I have searched the web for this answer and it looks like no one is able to give a clear enough answer for me to make a desicion. DIY is different though 

I'm doing a kitchen reno that will have undercounter lighting for the work areas, so the pot lights are just for lighting the main floor area mostly.

What the f*** is the difference between Par20 and GU10?!?!?!? Besides the obvious connection properties.

I have 6 PAR20s in the living room... very warm lighting...

This is going to be a kitchen with an "industiral theme"..."cold" concrete type looking tiles, "warm" medium brown cupbords, with lots of "cold" stainless steel accents (handles, switchplates etc..)

We're looking for a cooler, bright, white light for the pots....the warmer light we shall save for the pendants maybe.

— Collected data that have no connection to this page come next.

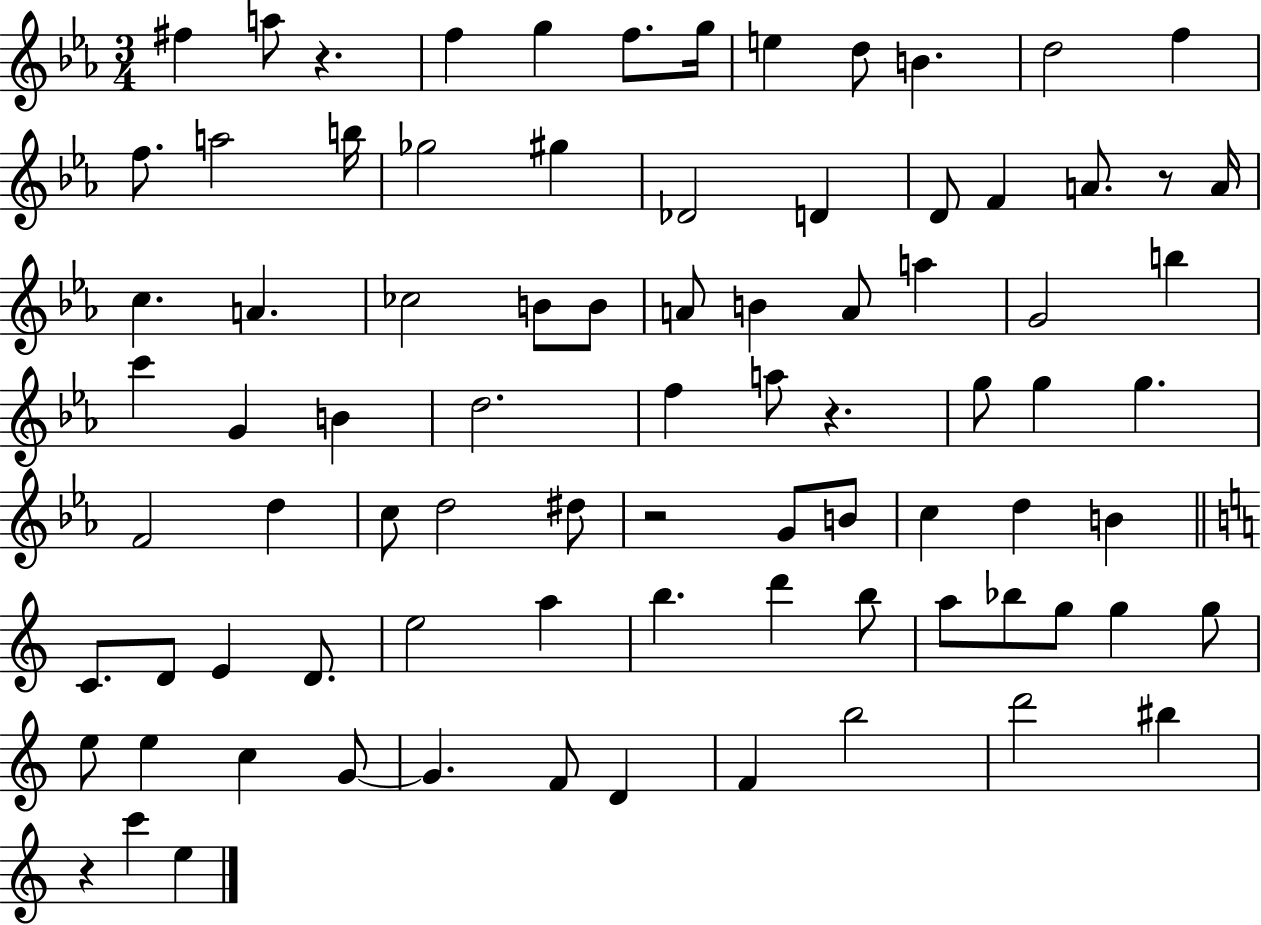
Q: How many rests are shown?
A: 5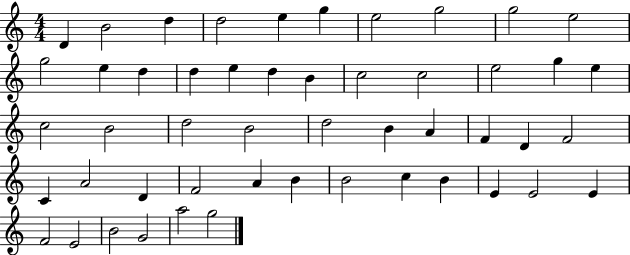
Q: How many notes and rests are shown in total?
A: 50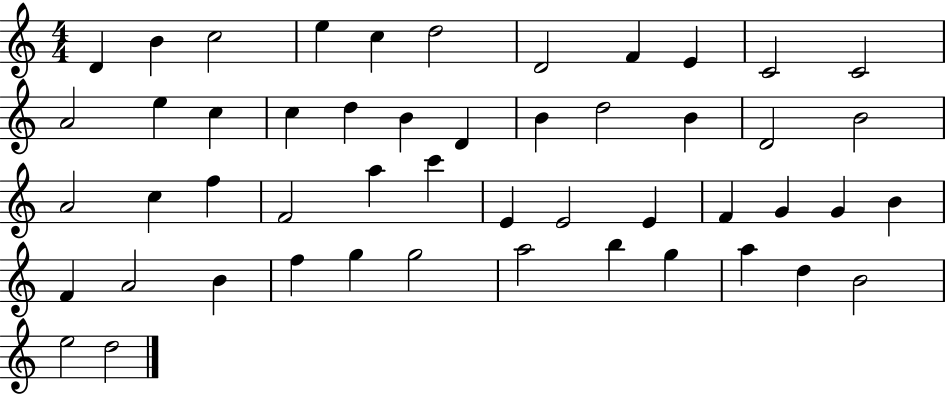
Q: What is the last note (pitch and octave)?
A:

Does PAR20/GU10 have ANYTHING to do with the colour and/or brightness of the bulbs? Or is it really only about the connectors????

I think I want halogen too btw (if that helps you answer better). Also, its a bungalow so they must be retrofit (extra info).


----------



## rjniles (Feb 5, 2007)

Gu10 and PAR 20 are bulb styles and have nothing to do with color temp. GU10 os a twist in bayonet bulb. PAR20 is a screw in bulb- the 20 os the size of the bulb in 1/8" increments.


----------



## sannitig (Jan 15, 2012)

Thanks for the reply rjniles, I figured as much...

I see no point of having the different standards...

Is there any reason, or anything I should know that would help me make my decision? I will probably want to change the bulbs to LED in the next 5 years...should that affect my decision?

Someone said something about dimming buzz... I'd like to know the pros & cons to each standard


----------



## ddawg16 (Aug 15, 2011)

sannitig said:


> *I have searched the web* for this answer and it looks like no one is able to give a clear enough answer for me to make a desicion. DIY is different though


You did?

I foud the following pretty quick....

http://en.wikipedia.org/wiki/Bayonet_mount#Light_bulb_bayonet_mounts

http://www.tmb.com/faqlamp.htm

Like rj said, it is the base style.....

Be aware that with many of the new energy rules, it's going to be more difficult to use the Edison style (screw in) bulbs. If you go with GU10 (or GU24 for general lighting), you will be in good shape.

Amazon has a ton of offerings for GU10 and GU24.

It's worth while doing some research on light color. Your going to see references like 2700K....this refers to the light color in Kelvin....

Typically....2700K is warm white.
4000K is bright white.
6000K and higher is daylight (slight blue tint)


----------



## sannitig (Jan 15, 2012)

Thanks for the reply.

Yes i searched but nothing was fully clear.

I have come to that same conclusion...it's only a base type...nothing more nothing less.

It seems that you can have a par 20 lamp with a gu10 base is that correct?

Par is a lamp type (the way the bulb gives off light) while gu10 or Edison is base type....

Thanks for the info on the colors

Someone correct me if I'm wrong though...I don't want to add to terminology mix ups that already exist out on the internet.


----------